I too favor a literal interpretation since modern astronomy does support, IMO, an Earth forming in a void (within the accretion disk) and the Sun being that light that was commanded come forth to give Earth both Day and Night.
Certainly this is true if we consider
all general consensuses. This is why "herd mentality" is a pejorative.
But it can be argued that most general consensuses are on solid ground. Engineers have little choice to think otherwise and their handbooks would not be handbooks if the vast amount of empirical evidence didn't justify their establishment.
So, like the Sun's color, we need to always scrutinize the science before giving too much weight to any one hypothesis or theory.
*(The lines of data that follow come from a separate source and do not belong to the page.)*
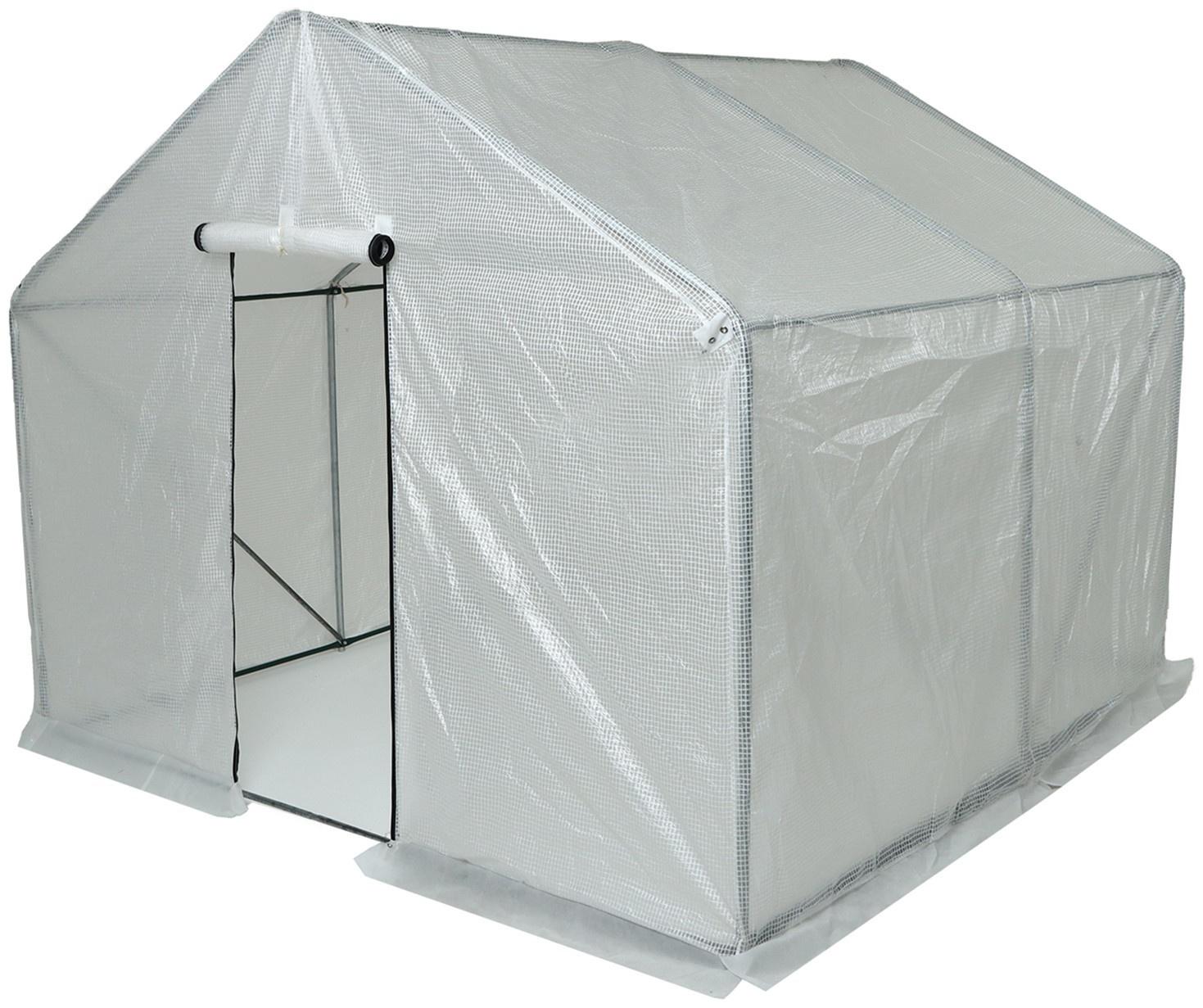 Теплица с оцинкованным каркасом, армированная плёнка, 2.5 × 2.45 × 2.1 м, с дверью и форточкой, профиль 25 × 25 мм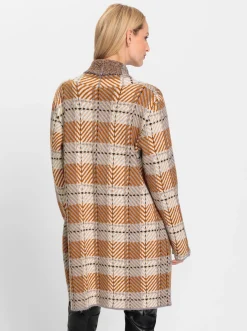 Strickjacken|heine Jacquardstrickjacke mit Schalkragen sand-braun-gemustert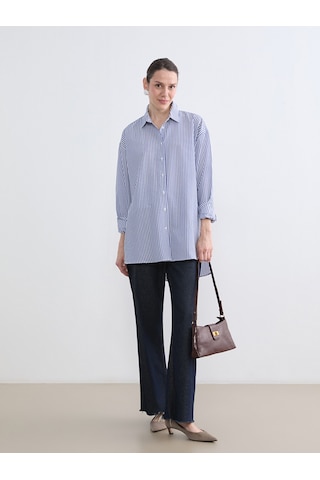 Lc Waikiki Lc Waıkıkı Mavi Çizgili Oversize Poplin Kadın Gömlek Tunik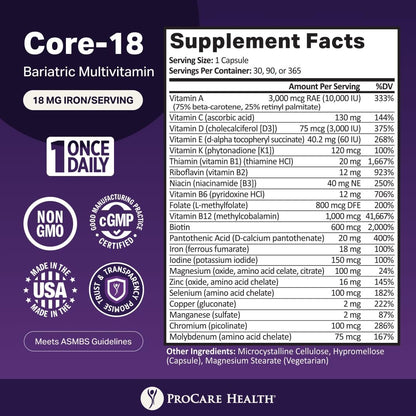 ProCare Health Bariatrisches Multivitamin mit Eisen 18 mg (30 leicht zu schluckende Kapseln) - Post-OP Bariatrische Vitamine für Magenbypass - Must-Haves für Schlauchmagen-Patienten (1 Monatsvorrat)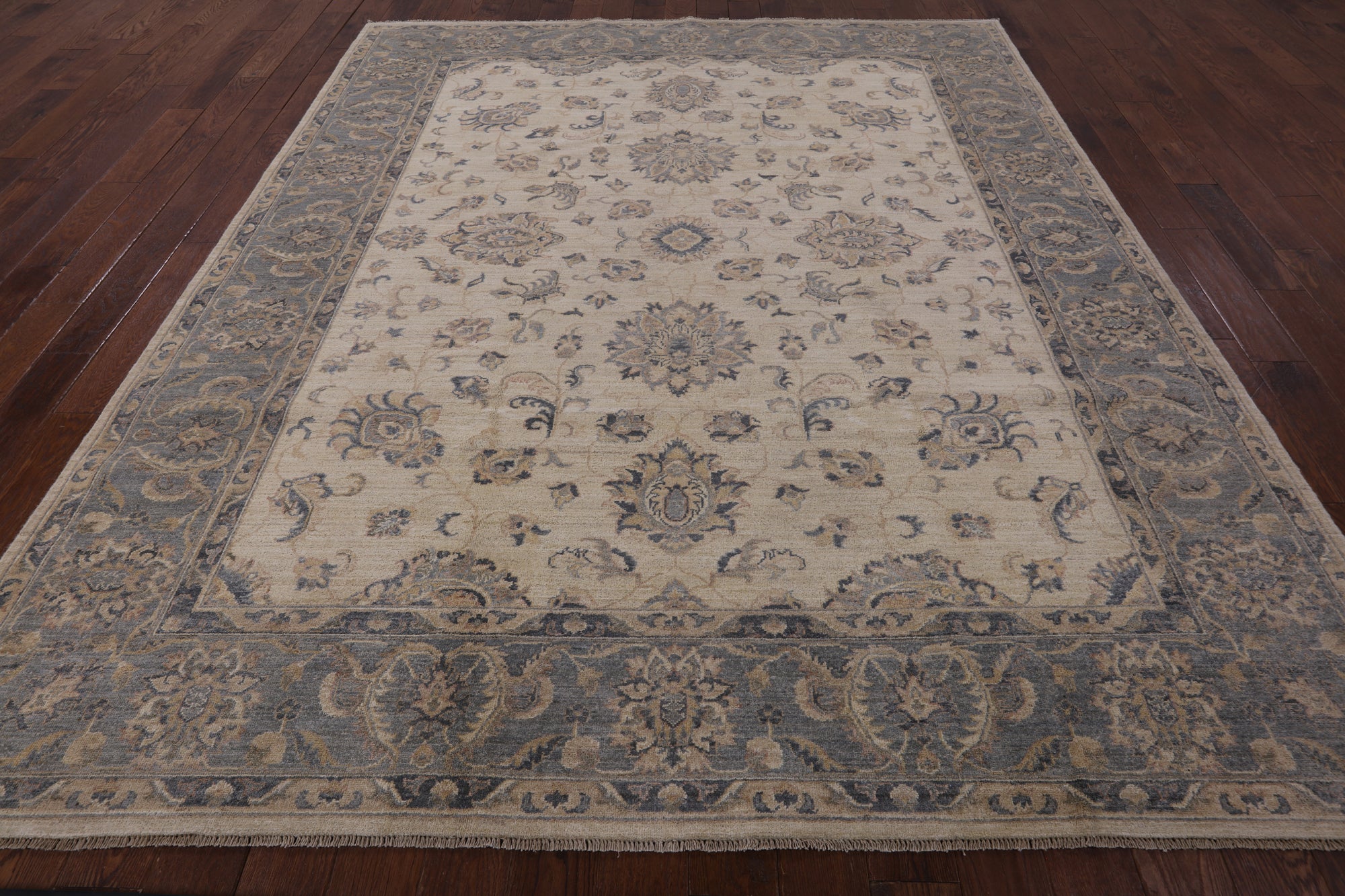 Ivory Peshawar Handmade Wool Rug - 8' 4" X 9' 10" - Golden Nile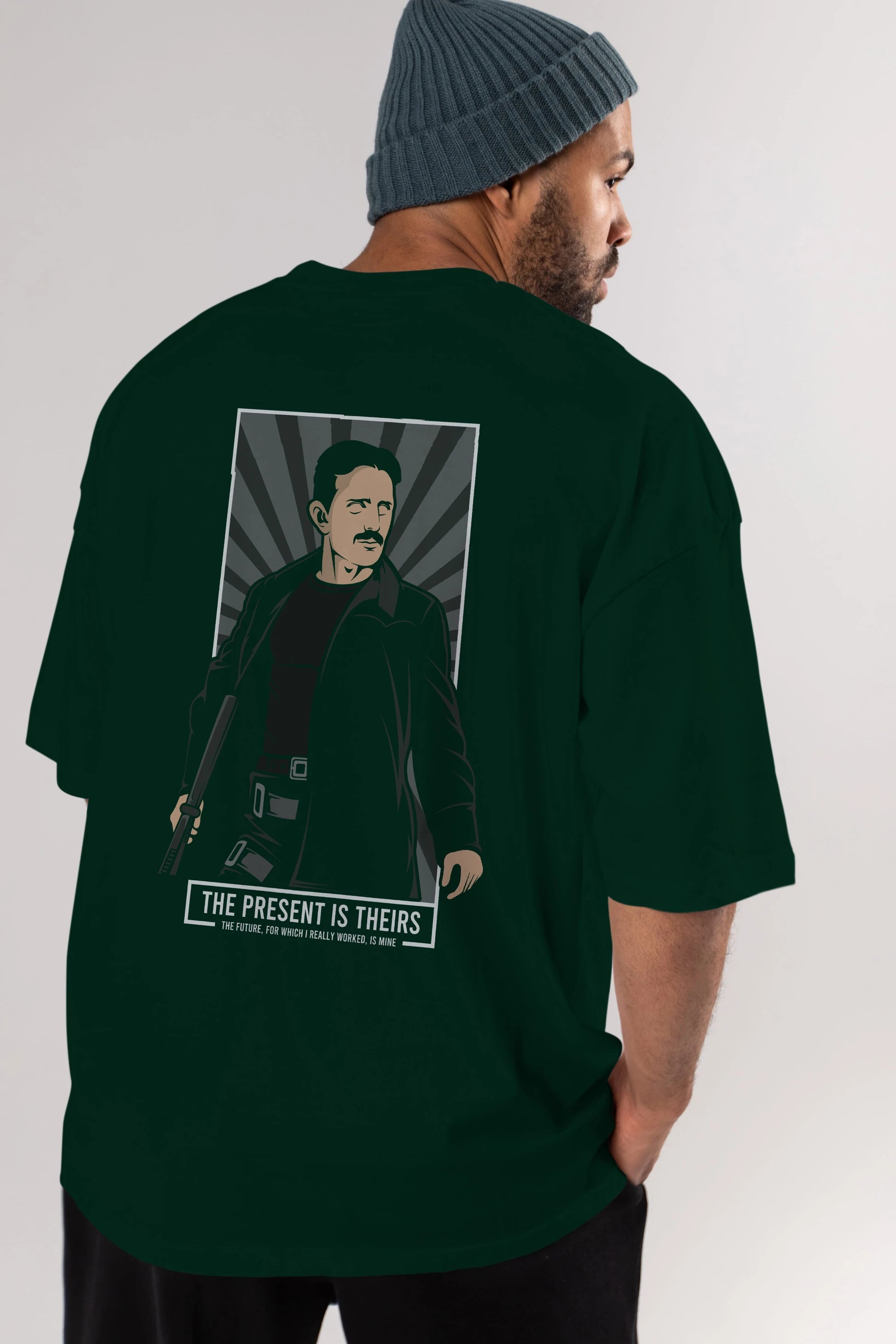 Tesla Matrix Arka Baskılı Oversize t-shirt Erkek Kadın Unisex %100 Pamuk tişort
This is what science itself is supposed to do.
Yes, and I just posted this same thing, oddly enough.
It might help if I share my views of science since when one understands its limits then less challenges will likely be improperly flung at it, and vice versa.
To have a hypothesis or a theory, it must be one that is objective-based. Objectivity means things that can be tested by others. If I perform a test that gets a cool result, but then no one else on the planet, including me, can replicate the result, then I have no objective-basis to argue for a hypothesis. I can offer it, alternatively, as supposition, and hope somebody can replicate it enough to make it objective.
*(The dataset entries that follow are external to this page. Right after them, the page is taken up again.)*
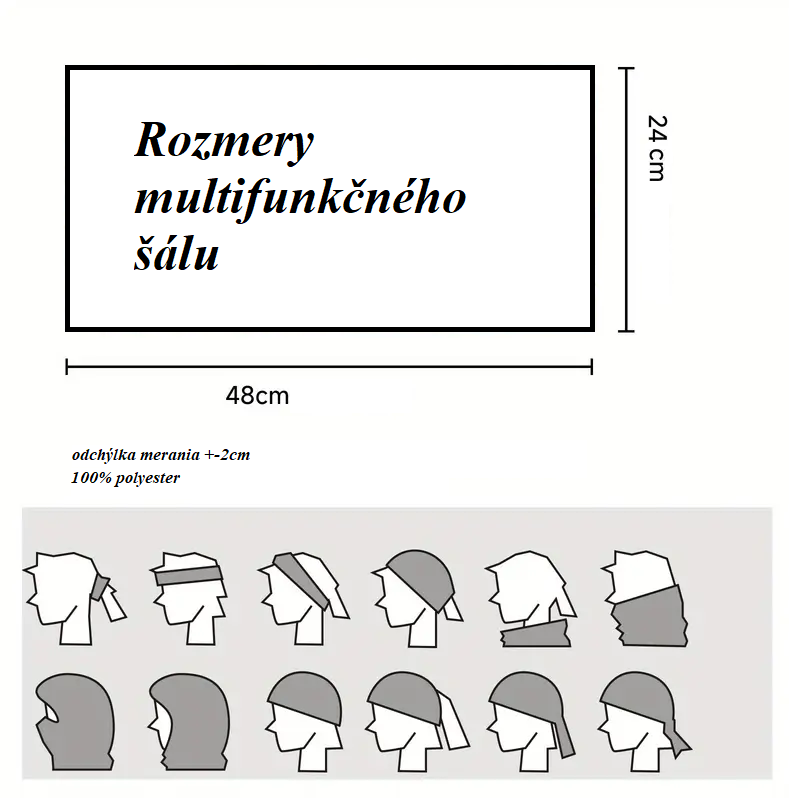 Multifunkčný šál s ľudovým motívom - červené kvety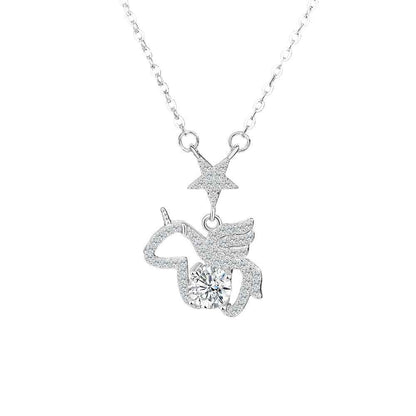 “Starlit Pegasus” 925 Sterling Silver Moissanite Unicorn Pendant Necklace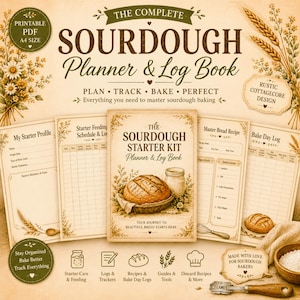 Könnte beinhalten: Ein druckbarer A4-PDF-Sauerteig-Planer und Logbuch mit einem zentralen Deckblatt mit Brotillustration, umgeben von verschiedenen Tracking-Seiten wie Sauerteig-Profilen, Fütterungsplänen, Rezepten und Back-Tagebüchern mit Weizenmotiven.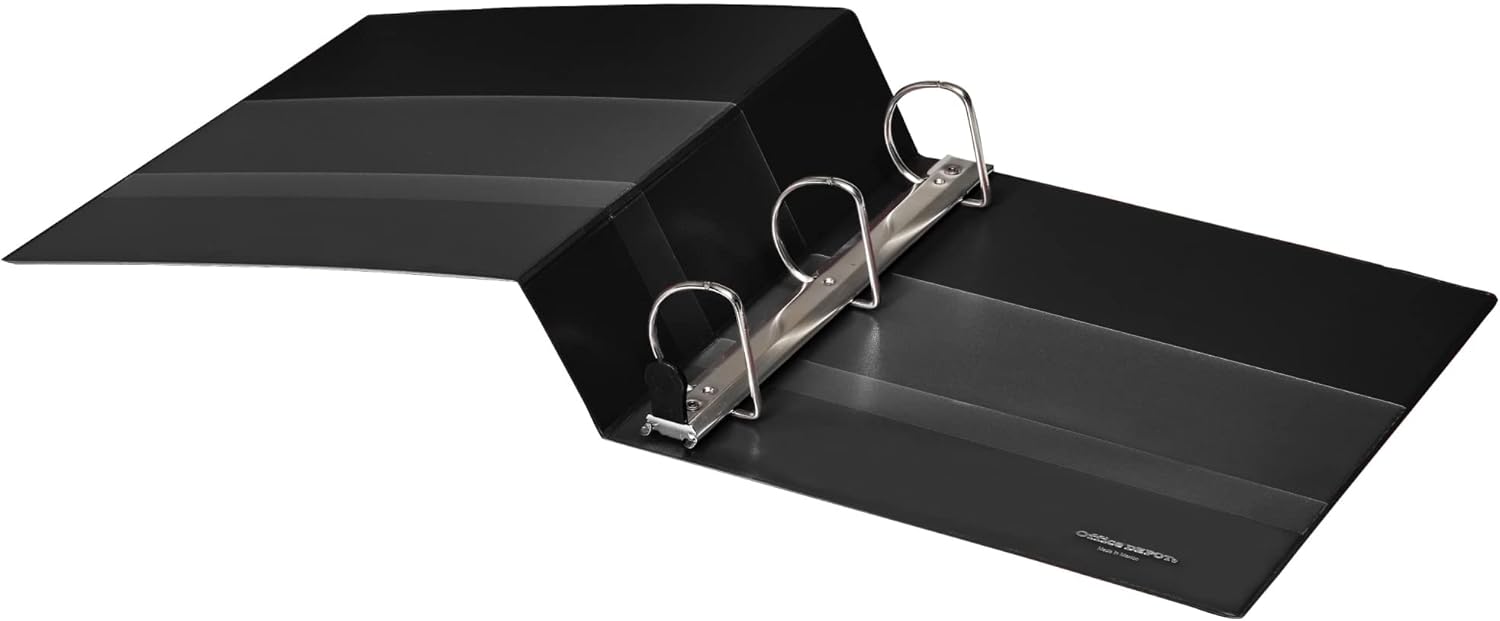 Office Depot® Heavy-Duty View 3-Ring Binder, 2" D-Rings, Black, 49% Recycled, Pack of 4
The other side is subjectivity. Philosophy and religion are subjective-based realms that may or may not include objective evidence (facts) that often support their claim, though sometimes the opposite is true.
But do we dump all science including the bullet-proof equations for gravity and the Maxwell equations, etc.?
I think it's fine to make any particular claim for science demonstrate enough logical arguments and empirical evidence that would make it more credible than not. No science can be absolute, or truth, or even proven, so it's really a matter of how demonstrably probable it is, IMO.